8月31日から9月2日にかけて、中国のテクノロジ企業ファーウェイが、エンタープライズ向けイベント「HUAWEI CONNECT 2016」を上海で開催した。1社によるイベントとしては同社最大規模となる
同社はこのなかで、事業の柱の1つとしてクラウドプラットフォームを拡充していく姿勢を打ち出すとともに、クラウド分野においてエレベーター/エスカレーター製造のシンドラーとの提携や、コンサルティング企業のアクセンチュアと共同開発したクラウドソリューションを発表した。
世界で150万台ものエレベーターを運行するシンドラーは、これまでにも独自にエレベーターの遠隔モニタリングの技術を導入するなどして、運行管理やメンテナンスを行ってきた。今後は、ファーウェイがもつIoT技術、ネットワーク技術、クラウド技術を活用し、エレベーター/エスカレーターの管理を効率化するという。また、さらなる安全性の向上や、“より良いユーザーエクスペリエンスの提供”も視野に入れた次世代エレベーター/エスカレーターの実現を目指す。

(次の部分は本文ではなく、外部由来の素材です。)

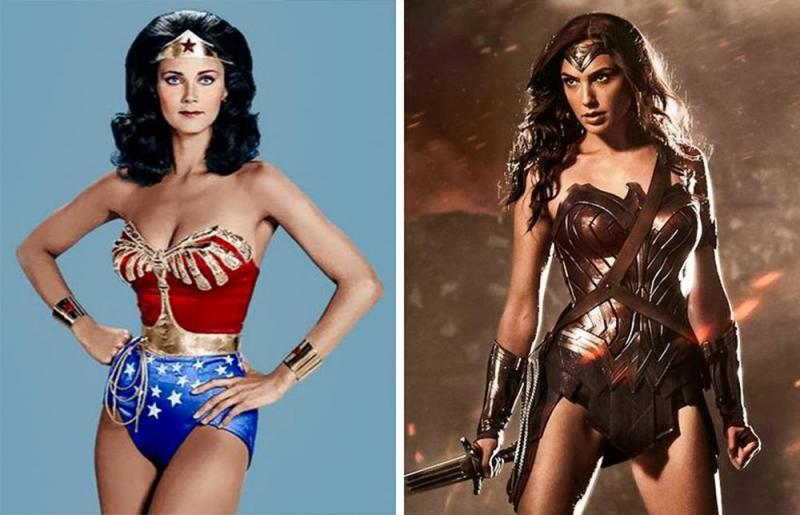 Illustration de l'article : 12 superheroes that have gone through some drastic changes – which ones have changed the most?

2050年までに、エレベーターが設置されるような都市型住宅に住む人々は30億人に達し、全世界の70%の人口が都市圏に集中することになると予測されている。こうしたなか、エレベーターの重要性はますます大きくなると見込まれる。必然的に管理すべきエレベーターの台数は飛躍的に増え、従来型の管理・メンテナンス方法では正常な運行が困難になることが想定されるからだ。
シンドラーチャイナのリージョナルジェネラルマネージャー Michael Li氏は講演で、「センサと(ネットワーク)接続を通じてエレベーターを運用し、付加価値のあるサービスを提供していく」と話す。
具体的には、センサを用いて24時間のモニタリングを行い、部品などの故障を予測・検知する予防安全によってメンテナンス時間・回数の短縮、低減を図ることができるほか、多数のエレベーターから得られた膨大な運行情報を分析することで、サービス品質の向上と、その後の最適なエレベーターの開発につなげることも可能になる。
また、運行情報をスマートフォンなどで利用者が確認できる仕組みや、エレベーター到着の待ち時間を少なくする仕組みの提供。商業施設のエレベーターでは施設内のセールなど各種情報をリアルタイムに収集して掲示するといった、単なる移動の手段を超えた新しい設備への進化を目指すアイデアも語られた。
今回の提携はワールドワイドを対象にしたものであり、将来的に中国国内だけでなく、世界中のさまざまな国にIoT技術を応用したエレベーターが導入されることになるという。